▶ _YOUR TASK_
Every entry that follows is to be set down exactly, with its pictures omitted.

BEGIN GIVEN ENTRIES

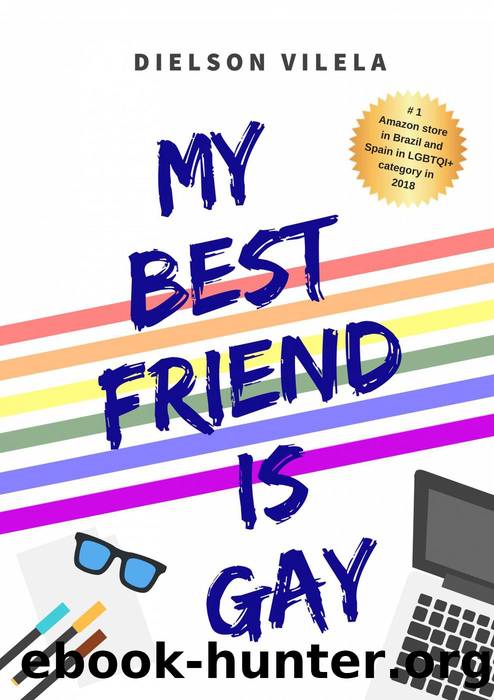 My best friend is gay by Dielson Vilela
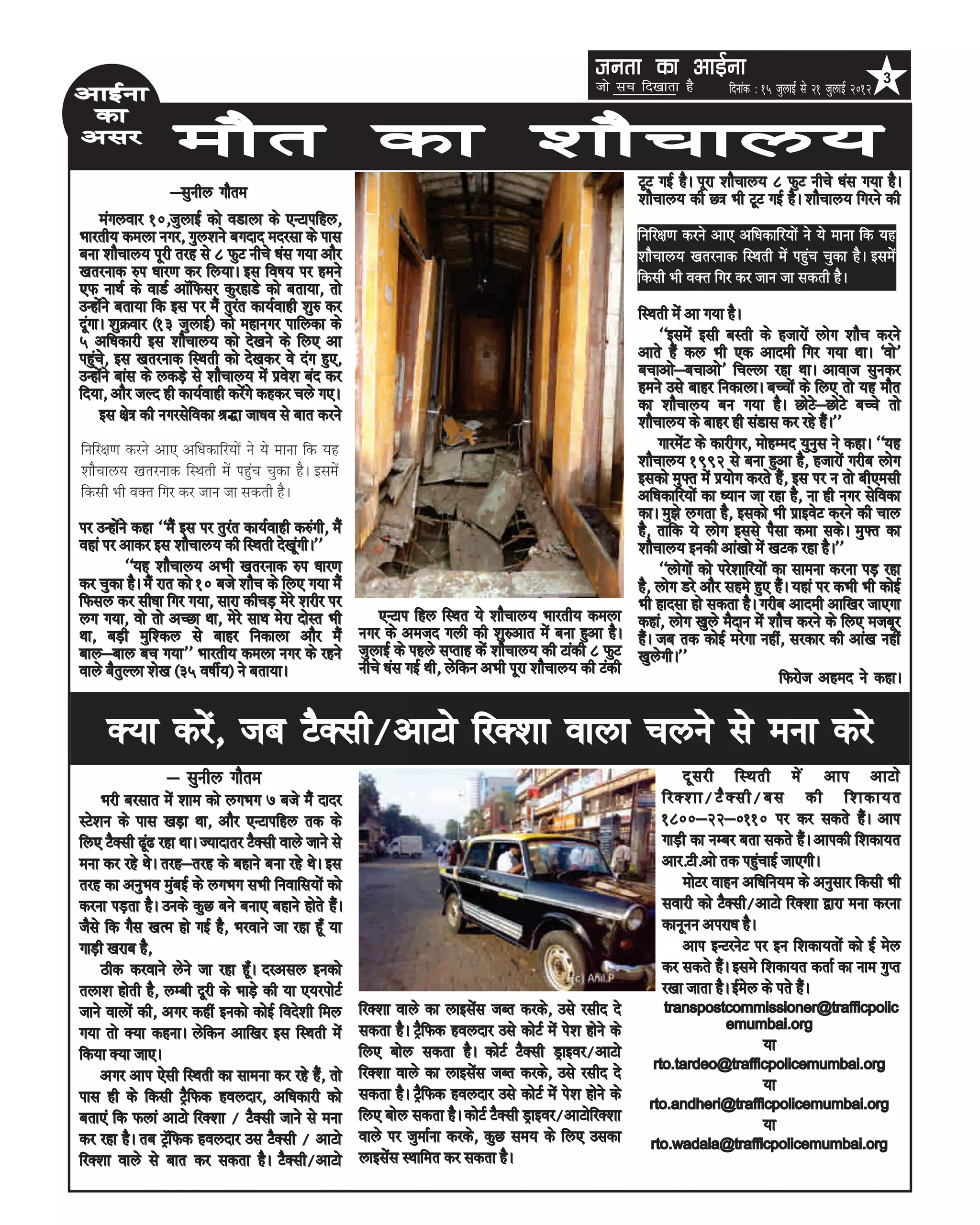 turk dk vkbZuk k
                                                                                                    turk dk vkbZu                                                    3
                                                                                                    tks lp fn[kkrk gS         fnukad % 15 tqykbZ ls 21 tqykbZ 2012
vkbZuk
 dk
vlj                ekSr dk 'kkSpky;
                                                                                                            VwV xbZ gSA iwjk 'kkSpky; 8 QqV uhps /kal x;k gSA
                  &lquhy xkSre                                                                              'kkSpky; dh N= Hkh VwV xbZ gSA 'kkSpky; fxjus dh
     eaxyokj 10]tqykbZ dks oMkyk ds ,UVkifgy]
Hkkjrh; deyk uxj] xqy'kus cxnkn enjlk ds ikl                                                                fufj{k.k djus vk, vf/kdkfj;ksa us ;s ekuk fd ;g
cuk 'kkSpky; iwjh rjg ls 8 QqV uhps /kal x;k vkSj                                                           ‘kkSpky; [krjukd fLFkrh esa igqap pqdk gSA blesa
[krjukd #i /kkj.k dj fy;kA bl fo”k; ij geus                                                                 fdlh Hkh oDr fxj dj tku tk ldrh gSA
,Q ukFkZ ds okMZ vkWfQlj dqjgkMs dks crk;k] rks
mUgksaus crk;k fd bl ij eSa rqjar dk;Zokgh 'kq# dj                                                          fLFkrh esa vk x;k gSA
nwaxkA 'kqØokj ¼13 tqykbZ½ dks egkuxj ikfydk ds
5 vf/kdkjh bl 'kkSpky; dks ns[kus ds fy, vk                                                                      ^^blesa blh cLrh ds gtkjksa yksx 'kkSp djus
igqaps] bl [krjukd fLFkrh dks ns[kdj os nax gq,]                                                            vkrs gSa dy Hkh ,d vkneh fxj x;k FkkA ^oks*
mUgksaus ckal ds ydM+s ls 'kkSpky; esa izos'k can dj                                                        cpkvks&cpkvks* fpYyk jgk FkkA vkokt lqudj
fn;k] vkSj tYn gh dk;Zokgh djsaxs dgdj pys x,A                                                              geus mls ckgj fudkykA cPpksa ds fy, rks ;g ekSr
                                                                                                            dk 'kkSpky; cu x;k gSA NksVs&NksVs cPps rks
     bl {ks= dh uxjlsfodk J)k tk/ko ls ckr djus                                                             'kkSpky; ds ckgj gh laMkl dj jgs gSaA**
fufj{k.k djus vk, vf/kdkfj;ksa us ;s ekuk fd ;g                                                                  xkjesaV ds dkjhxj] eksgEen ;quql us dgkA ^^;g
                                                                                                            'kkSpky; 1992 ls cuk gqvk gS] gtkjksa xjhc yksx
‘kkSpky; [krjukd fLFkrh esa igqap pqdk gSA blesa                                                            bldks eq¶r esa iz;ksx djrs gSa] bl ij u rks ch,elh
fdlh Hkh oDr fxj dj tku tk ldrh gSA                                                                         vf/kdkfj;ksa dk /;ku tk jgk gS] uk gh uxj lsfodk
                                                                                                            dkA eq>s yxrk gS] bldks Hkh izkbosV djus dh pky
ij mUgksaus dgk ^^eSa bl ij rqjar dk;Zokgh d#axh] eSa                                                       gS] rkfd ;s yksx blls iSlk dek ldsA eq¶r dk
ogka ij vkdj bl 'kkSpky; dh fLFkrh ns[kwaxhA**                                                              'kkSpky; budh vka[kks esa [kVd jgk gSA**
          ^^;g 'kkSpky; vHkh [krjukd #i /kkj.k                                                                   ^^yksxksa dks ijs'kkfj;ksa dk lkeuk djuk iM+ jgk
dj pqdk gSA eSa jkr dks 10 cts 'kkSp ds fy, x;k eSa                                                         gS] yksx Mjs vkSj lges gq, gSaA ;gka ij dHkh Hkh dksbZ
fQly dj lh/kk fxj x;k] lkjk dhpM+ esjs 'kjhj ij                                                             Hkh gknlk gks ldrk gSA xjhc vkneh vkf[kj tk,xk
yx x;k] oks rks vPNk Fkk] esjs lkFk esjk nksLr Hkh       ,UVki fgy fLFkr ;s 'kkSpky; Hkkjrh; deyk           dgka] yksx [kqys eSnku esa 'kkSp djus ds fy, etcwj
Fkk] cM+h eqf'dy ls ckgj fudkyk vkSj eSa              uxj ds vetn xyh dh 'kq#vkr esa cuk gqvk gSA           gSaA tc rd dksbZ ejsxk ugha] ljdkj dh vka[k ugha
cky&cky cp x;k** Hkkjrh; deyk uxj ds jgus tqykbZ ds igys lIrkg dsa 'kkSpky; dh Vkadh 8 QqV                  [kqysxhA**
okys cSrqYyk 'ks[k ¼35 o”khZ;½ us crk;kA              uhps /kal xbZ Fkh] ysfdu vHkh iwjk 'kkSpky; dh Vadh                                    fQjkst vgen us dgkA

     D;k djsa] tc VSDlh@vkVks fjD'kk okyk pyus ls euk djs
                 & lquhy xkSre                                                                                      nw l jh fLFkrh es a vki vkVks
    Hkjh cjlkr esa 'kke dks yxHkx 7 cts eSa nknj                                                                fjD'kk@VS D lh@cl dh f'kdk;r
LVs'ku ds ikl [kM+k Fkk] vkSj ,UVkifgy rd ds                                                                    1800&22&0110 ij dj ldrs gSaA vki
fy, VSDlh <wa< jgk FkkA T;knkrj VSDlh okys tkus ls                                                              xkM+h dk uEcj crk ldrs gSaA vkidh f'kdk;r
euk dj jgs FksA rjg&rjg ds cgkus cuk jgs FksA bl                                                                vkj-Vh-vks rd igqapkbZ tk,xhA
rjg dk vuqHko eqacbZ ds yxHkx lHkh fuokfl;ksa dks                                                                   eksVj okgu vf/kfu;e ds vuqlkj fdlh Hkh
djuk iM+rk gSA muds dqN cus cuk, cgkus gksrs gSaA                                                               lokjh dks VSDlh@vkVks fjD'kk }kjk euk djuk
tSls fd xSl [kRe gks xbZ gS] Hkjokus tk jgk gw¡ ;k                                                              dkuwuu vijk/k gSA
xkM+h [kjkc gS]                                                                                                     vki bUVjusV ij bu f'kdk;rksa dks bZ esy
    Bhd djokus ysus tk jgk gw¡A njvly budks                                                                     dj ldrs gSaA bles f'kdk;r drkZ dk uke xqIr
ryk'k gksrh gS] yEch nwjh ds HkkM+s dh ;k ,;jiksVZ                                                              j[kk tkrk gSA bZesy ds irs gSaA
tkus okyksa dh] vxj dgha budks dksbZ fons'kh fey       fjD'kk okys dk ykblsal tCr djds] mls jlhn ns              transpostcommissioner@trafficpolic
                                                       ldrk gSA VªSfQd goynkj mls dksVZ esa is'k gksus ds                 emumbai.org
x;k rks D;k dgukA ysfdu vkf[kj bl fLFkrh esa
fd;k D;k tk,A                                          fy, cksy ldrk gSA dksVZ VSDlh Mªkboj@vkVks                                     ;k
                                                                                                               rto.tardeo@trafficpolicemumbai.org
    vxj vki ,slh fLFkrh dk lkeuk dj jgs gSa] rks       fjD'kk okys dk ykblsal tCr djds] mls jlhn ns
                                                       ldrk gSA VªSfQd goynkj mls dksVZ esa is'k gksus ds                             ;k
ikl gh ds fdlh VªSfQd goynkj] vf/kdkjh dks                                                                    rto.andheri@trafficpolicemumbai.org
crk,a fd Qyka vkVks fjD'kk @ VSDlh tkus ls euk         fy, cksy ldrk gSA dksVZ VSDlh Mªkboj@vkVksfjD'kk                               ;k
dj jgk gSA rc VªWfQd goynkj ml VSDlh @ vkVks           okys ij tqekZuk djds] dqN le; ds fy, mldk              rto.wadala@trafficpolicemumbai.org
fjD'kk okys ls ckr dj ldrk gSA VSDlh@vkVks             ykblsal LFkkfer dj ldrk gSA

END GIVEN ENTRIES

▶ _RESPONSE BELOW_
 My best friend is gay by Dielson Vilela
 turk dk vkbZuk k
                                                                                                    turk dk vkbZu                                                    3
                                                                                                    tks lp fn[kkrk gS         fnukad % 15 tqykbZ ls 21 tqykbZ 2012
vkbZuk
 dk
vlj                ekSr dk 'kkSpky;
                                                                                                            VwV xbZ gSA iwjk 'kkSpky; 8 QqV uhps /kal x;k gSA
                  &lquhy xkSre                                                                              'kkSpky; dh N= Hkh VwV xbZ gSA 'kkSpky; fxjus dh
     eaxyokj 10]tqykbZ dks oMkyk ds ,UVkifgy]
Hkkjrh; deyk uxj] xqy'kus cxnkn enjlk ds ikl                                                                fufj{k.k djus vk, vf/kdkfj;ksa us ;s ekuk fd ;g
cuk 'kkSpky; iwjh rjg ls 8 QqV uhps /kal x;k vkSj                                                           ‘kkSpky; [krjukd fLFkrh esa igqap pqdk gSA blesa
[krjukd #i /kkj.k dj fy;kA bl fo”k; ij geus                                                                 fdlh Hkh oDr fxj dj tku tk ldrh gSA
,Q ukFkZ ds okMZ vkWfQlj dqjgkMs dks crk;k] rks
mUgksaus crk;k fd bl ij eSa rqjar dk;Zokgh 'kq# dj                                                          fLFkrh esa vk x;k gSA
nwaxkA 'kqØokj ¼13 tqykbZ½ dks egkuxj ikfydk ds
5 vf/kdkjh bl 'kkSpky; dks ns[kus ds fy, vk                                                                      ^^blesa blh cLrh ds gtkjksa yksx 'kkSp djus
igqaps] bl [krjukd fLFkrh dks ns[kdj os nax gq,]                                                            vkrs gSa dy Hkh ,d vkneh fxj x;k FkkA ^oks*
mUgksaus ckal ds ydM+s ls 'kkSpky; esa izos'k can dj                                                        cpkvks&cpkvks* fpYyk jgk FkkA vkokt lqudj
fn;k] vkSj tYn gh dk;Zokgh djsaxs dgdj pys x,A                                                              geus mls ckgj fudkykA cPpksa ds fy, rks ;g ekSr
                                                                                                            dk 'kkSpky; cu x;k gSA NksVs&NksVs cPps rks
     bl {ks= dh uxjlsfodk J)k tk/ko ls ckr djus                                                             'kkSpky; ds ckgj gh laMkl dj jgs gSaA**
fufj{k.k djus vk, vf/kdkfj;ksa us ;s ekuk fd ;g                                                                  xkjesaV ds dkjhxj] eksgEen ;quql us dgkA ^^;g
                                                                                                            'kkSpky; 1992 ls cuk gqvk gS] gtkjksa xjhc yksx
‘kkSpky; [krjukd fLFkrh esa igqap pqdk gSA blesa                                                            bldks eq¶r esa iz;ksx djrs gSa] bl ij u rks ch,elh
fdlh Hkh oDr fxj dj tku tk ldrh gSA                                                                         vf/kdkfj;ksa dk /;ku tk jgk gS] uk gh uxj lsfodk
                                                                                                            dkA eq>s yxrk gS] bldks Hkh izkbosV djus dh pky
ij mUgksaus dgk ^^eSa bl ij rqjar dk;Zokgh d#axh] eSa                                                       gS] rkfd ;s yksx blls iSlk dek ldsA eq¶r dk
ogka ij vkdj bl 'kkSpky; dh fLFkrh ns[kwaxhA**                                                              'kkSpky; budh vka[kks esa [kVd jgk gSA**
          ^^;g 'kkSpky; vHkh [krjukd #i /kkj.k                                                                   ^^yksxksa dks ijs'kkfj;ksa dk lkeuk djuk iM+ jgk
dj pqdk gSA eSa jkr dks 10 cts 'kkSp ds fy, x;k eSa                                                         gS] yksx Mjs vkSj lges gq, gSaA ;gka ij dHkh Hkh dksbZ
fQly dj lh/kk fxj x;k] lkjk dhpM+ esjs 'kjhj ij                                                             Hkh gknlk gks ldrk gSA xjhc vkneh vkf[kj tk,xk
yx x;k] oks rks vPNk Fkk] esjs lkFk esjk nksLr Hkh       ,UVki fgy fLFkr ;s 'kkSpky; Hkkjrh; deyk           dgka] yksx [kqys eSnku esa 'kkSp djus ds fy, etcwj
Fkk] cM+h eqf'dy ls ckgj fudkyk vkSj eSa              uxj ds vetn xyh dh 'kq#vkr esa cuk gqvk gSA           gSaA tc rd dksbZ ejsxk ugha] ljdkj dh vka[k ugha
cky&cky cp x;k** Hkkjrh; deyk uxj ds jgus tqykbZ ds igys lIrkg dsa 'kkSpky; dh Vkadh 8 QqV                  [kqysxhA**
okys cSrqYyk 'ks[k ¼35 o”khZ;½ us crk;kA              uhps /kal xbZ Fkh] ysfdu vHkh iwjk 'kkSpky; dh Vadh                                    fQjkst vgen us dgkA

     D;k djsa] tc VSDlh@vkVks fjD'kk okyk pyus ls euk djs
                 & lquhy xkSre                                                                                      nw l jh fLFkrh es a vki vkVks
    Hkjh cjlkr esa 'kke dks yxHkx 7 cts eSa nknj                                                                fjD'kk@VS D lh@cl dh f'kdk;r
LVs'ku ds ikl [kM+k Fkk] vkSj ,UVkifgy rd ds                                                                    1800&22&0110 ij dj ldrs gSaA vki
fy, VSDlh <wa< jgk FkkA T;knkrj VSDlh okys tkus ls                                                              xkM+h dk uEcj crk ldrs gSaA vkidh f'kdk;r
euk dj jgs FksA rjg&rjg ds cgkus cuk jgs FksA bl                                                                vkj-Vh-vks rd igqapkbZ tk,xhA
rjg dk vuqHko eqacbZ ds yxHkx lHkh fuokfl;ksa dks                                                                   eksVj okgu vf/kfu;e ds vuqlkj fdlh Hkh
djuk iM+rk gSA muds dqN cus cuk, cgkus gksrs gSaA                                                               lokjh dks VSDlh@vkVks fjD'kk }kjk euk djuk
tSls fd xSl [kRe gks xbZ gS] Hkjokus tk jgk gw¡ ;k                                                              dkuwuu vijk/k gSA
xkM+h [kjkc gS]                                                                                                     vki bUVjusV ij bu f'kdk;rksa dks bZ esy
    Bhd djokus ysus tk jgk gw¡A njvly budks                                                                     dj ldrs gSaA bles f'kdk;r drkZ dk uke xqIr
ryk'k gksrh gS] yEch nwjh ds HkkM+s dh ;k ,;jiksVZ                                                              j[kk tkrk gSA bZesy ds irs gSaA
tkus okyksa dh] vxj dgha budks dksbZ fons'kh fey       fjD'kk okys dk ykblsal tCr djds] mls jlhn ns              transpostcommissioner@trafficpolic
                                                       ldrk gSA VªSfQd goynkj mls dksVZ esa is'k gksus ds                 emumbai.org
x;k rks D;k dgukA ysfdu vkf[kj bl fLFkrh esa
fd;k D;k tk,A                                          fy, cksy ldrk gSA dksVZ VSDlh Mªkboj@vkVks                                     ;k
                                                                                                               rto.tardeo@trafficpolicemumbai.org
    vxj vki ,slh fLFkrh dk lkeuk dj jgs gSa] rks       fjD'kk okys dk ykblsal tCr djds] mls jlhn ns
                                                       ldrk gSA VªSfQd goynkj mls dksVZ esa is'k gksus ds                             ;k
ikl gh ds fdlh VªSfQd goynkj] vf/kdkjh dks                                                                    rto.andheri@trafficpolicemumbai.org
crk,a fd Qyka vkVks fjD'kk @ VSDlh tkus ls euk         fy, cksy ldrk gSA dksVZ VSDlh Mªkboj@vkVksfjD'kk                               ;k
dj jgk gSA rc VªWfQd goynkj ml VSDlh @ vkVks           okys ij tqekZuk djds] dqN le; ds fy, mldk              rto.wadala@trafficpolicemumbai.org
fjD'kk okys ls ckr dj ldrk gSA VSDlh@vkVks             ykblsal LFkkfer dj ldrk gSA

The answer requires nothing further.